La primavera del anarquismo es intensa y llena de hélices, de sirenas que cantan, de medios y enteros a los que nadie cree, de bocinazos, de gases tóxicos arrojados día y noche sobre las poblaciones. Pero tenemos otra arma ante ello: la antipoesía, no la de Nicanor Parra, sino la que siempre estuvo, con su sin respeto, con su posibilidad de ironizar todo, con los carteles que claman “son tantas cosas que no sé qué poner”. En los bares algunos llaman a beber a una cerveza y a dar un salud al grito de “¡Piñera conchadesumadre!”; las farmacias ofrecen el famoso mentolatum, ungüento con el que la policía justificó un video en que algunos de los suyos eran mostrados inhalado cocaína. La antipoesía se ríe de una alcaldesa que corre frente a la televisión con memes infinitos, se ríe de los intentos desesperados de la ultraderecha de formar movimientos de choque que defiendan sus privilegios de clase. La antipoesía se ríe del hackeo de Anonymous al sistema de carabineros; queda en evidencia que durante años han perseguido cientos de actores sociales, pero jamás a un narcotraficante.

De la saga «Cecilia Morel y los alienígenas» viene también Man in Black con privilegios.

Algunos de nuestros anarquista creen en la acción directa, en el ataque decidido a las estructuras simbólicas del poder: vandalizar bancos, romper farmacias, apedrear oficinas privadas de pensiones y edificios corporativos, y también a monumentos, como el huracán humano que arrasó con el memorial al teórico de la dictadura y su sistema político y económico: Jaime Guzmán.
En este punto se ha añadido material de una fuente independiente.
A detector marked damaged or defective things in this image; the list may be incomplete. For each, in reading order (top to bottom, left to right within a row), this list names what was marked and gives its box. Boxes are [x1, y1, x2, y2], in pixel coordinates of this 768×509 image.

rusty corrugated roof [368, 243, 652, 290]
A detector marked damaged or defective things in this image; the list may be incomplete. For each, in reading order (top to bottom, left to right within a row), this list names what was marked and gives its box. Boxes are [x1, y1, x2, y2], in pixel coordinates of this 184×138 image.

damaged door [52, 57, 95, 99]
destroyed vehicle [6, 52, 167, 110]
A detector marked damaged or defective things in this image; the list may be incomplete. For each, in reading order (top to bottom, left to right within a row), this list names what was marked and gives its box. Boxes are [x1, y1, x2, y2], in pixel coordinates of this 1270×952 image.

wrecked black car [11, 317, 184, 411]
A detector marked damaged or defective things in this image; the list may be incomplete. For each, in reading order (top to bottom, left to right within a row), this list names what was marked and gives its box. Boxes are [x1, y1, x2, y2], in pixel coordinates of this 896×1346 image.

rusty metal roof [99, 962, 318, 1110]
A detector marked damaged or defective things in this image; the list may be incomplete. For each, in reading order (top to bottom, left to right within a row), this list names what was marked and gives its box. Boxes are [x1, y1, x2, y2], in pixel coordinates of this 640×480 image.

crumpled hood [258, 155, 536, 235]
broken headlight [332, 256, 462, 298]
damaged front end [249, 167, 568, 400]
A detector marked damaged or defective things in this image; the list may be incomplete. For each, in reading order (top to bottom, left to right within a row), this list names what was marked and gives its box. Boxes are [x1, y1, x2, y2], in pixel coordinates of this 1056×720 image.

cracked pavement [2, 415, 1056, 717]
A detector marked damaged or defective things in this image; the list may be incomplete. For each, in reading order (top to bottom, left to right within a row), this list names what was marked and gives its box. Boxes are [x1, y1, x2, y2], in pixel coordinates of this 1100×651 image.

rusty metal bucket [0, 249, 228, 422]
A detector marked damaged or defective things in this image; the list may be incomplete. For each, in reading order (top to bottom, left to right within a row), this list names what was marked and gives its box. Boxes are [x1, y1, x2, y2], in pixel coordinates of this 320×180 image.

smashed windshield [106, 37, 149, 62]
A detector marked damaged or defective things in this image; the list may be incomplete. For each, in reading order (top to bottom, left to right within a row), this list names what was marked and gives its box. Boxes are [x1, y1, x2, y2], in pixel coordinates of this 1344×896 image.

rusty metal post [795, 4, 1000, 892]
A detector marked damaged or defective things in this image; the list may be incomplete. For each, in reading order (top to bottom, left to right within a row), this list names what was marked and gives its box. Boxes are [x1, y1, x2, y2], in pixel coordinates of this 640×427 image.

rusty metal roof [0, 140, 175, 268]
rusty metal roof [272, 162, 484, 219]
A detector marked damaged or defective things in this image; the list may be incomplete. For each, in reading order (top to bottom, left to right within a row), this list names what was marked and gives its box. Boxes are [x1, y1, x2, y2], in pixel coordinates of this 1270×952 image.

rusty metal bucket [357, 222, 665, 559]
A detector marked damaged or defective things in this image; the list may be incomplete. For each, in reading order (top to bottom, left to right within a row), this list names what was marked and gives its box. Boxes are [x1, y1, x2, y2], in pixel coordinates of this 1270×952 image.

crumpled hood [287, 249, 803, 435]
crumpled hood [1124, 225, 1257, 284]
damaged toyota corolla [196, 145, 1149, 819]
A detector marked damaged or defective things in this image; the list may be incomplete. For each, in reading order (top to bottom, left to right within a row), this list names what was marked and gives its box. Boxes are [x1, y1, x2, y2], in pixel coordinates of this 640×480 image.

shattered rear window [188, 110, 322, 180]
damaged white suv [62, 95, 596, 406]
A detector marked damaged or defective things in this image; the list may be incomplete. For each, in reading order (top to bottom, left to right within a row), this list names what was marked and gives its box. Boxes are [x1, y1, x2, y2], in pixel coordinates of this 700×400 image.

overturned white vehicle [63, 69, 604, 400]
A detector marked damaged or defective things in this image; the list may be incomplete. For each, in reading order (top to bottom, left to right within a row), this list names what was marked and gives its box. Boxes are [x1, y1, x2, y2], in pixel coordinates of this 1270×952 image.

Pero como dijo una psiquiatra interpelada en plena calle por un periodista: “sé la situación, el saqueo que viene de años y de cómo le han robado al pueblo de Chile; por supuesto que no valido la violencia […] pero han sido muchos años de abusar de la gente. No avalo la violencia, pero la entiendo. Y el antisocial que nos está gobernando es el más antisocial de todos. No empatiza, no escucha, miles de personas le están diciendo por favor haz cambios, ayuda a la gente. Él se está rifando este país”.

Piñera cree que con más apriete apagará esta llama anarquista, pero los gremios están ahí para cortar los accesos a la capital y a las ciudades grandes; los camioneros, los portuarios, agricultores, médicos y enfermeros que defienden a sus pacientes del desabastecimiento del servicio público, profesores que se interponen a la policía para que no baleen otro liceo como el Liceo 7 de niñas, cobardemente atacado. Piñera cree que con apriete esta barricada se va a apagar, pero la insurgencia llegó para quedarse con sus gritos: ¡Piñera escucha, ándate a la chucha!”, “¡Evadir, no pagar, otra forma de luchar!” “Vecino, escucha, únete a la lucha!”

En fin, somos y no somos los anarquistas. Lo somos en el encanto del trabajo comunitario, en la colectivización de confiar en nuestros almacenes de la esquina, al momento de darnos una mano, de organizarnos como en los viejos ateneos de principios de siglo XX donde se jugaba la formación política y ética del pueblo. No somos anarquista porque aún pagamos cada mes las deudas que nos persiguen, las tarjetas de crédito que abundan, los altos alquileres y servicios, los intereses de los intereses, imponemos a las AFP y nuestras jubilaciones y sueldos resultan escuálidos, por más que el gobierno y el congreso realicen reformas a todo vapor (y con letra chica). Esta es nuestra duplicidad de mezclar hoy la lucha, el pan, el amor, el dolor y la deuda, el débito y la ira contra el actuar desmedido de la policía, la ira contra la estupidez de nuestros representantes, pero la confianza en que la bandera negra y su poesía se quedarán aquí plantadas por un buen tiempo.